The Sankarani River (French: Fleuve Sankarani) is a tributary of the Niger River. Flowing northward from the Guinea Highlands of the Fouta Djallon in Guinea, it crosses into southern Mali, where it joins the Niger approximately 40 km upstream of Bamako, the capital of Mali. It forms part of the Ivory Coast-Guinea and Guinea–Mali borders.

The Sankarani River watershed, traditionally well suited to crops and rich in iron and gold, covers some 35500 km2, two-thirds of which are in Guinea, where it is joined by three tributaries: the Kourai, Yeremou and Dion Rivers. In Mali, it flows into the Niger River upstream of Bamako near the village of Kourouba.

Construction of the Sélingué Dam began in 1980, with the goal of supplying Bamako with electricity; it was inaugurated on 13 December 1982. It and the accompanying hydroelectric plant comprised the largest development project in Malian history up to that time. The plant has the capacity to produce 44.8 million kilowatt-hours of electricity. An irrigation scheme was also implemented, initially to compensate people who had to be moved; it covered 1200 ha, split up among 1943 plot holders, or 60000 ha.

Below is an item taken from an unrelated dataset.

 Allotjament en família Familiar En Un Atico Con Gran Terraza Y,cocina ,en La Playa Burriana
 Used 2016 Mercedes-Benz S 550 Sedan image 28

The Sankanarni has a discontinuous floodplain over a distance of 170 km in Guinea. The river banks support gallery forests, though the Selingue Dam's reservoir covered many of them. As of 2008, more than a thousand fishermen caught "between 400 and 1000 kg/day in peak season and 10 to 50 kg/day in low season (March to May)" in the section of the river between the dam and the junction with the Niger.

At the height of its power, from the 13th to 16th centuries CE, the capital of the ancient Mali Empire is believed to have been at Niani, on the banks of the Sankarani.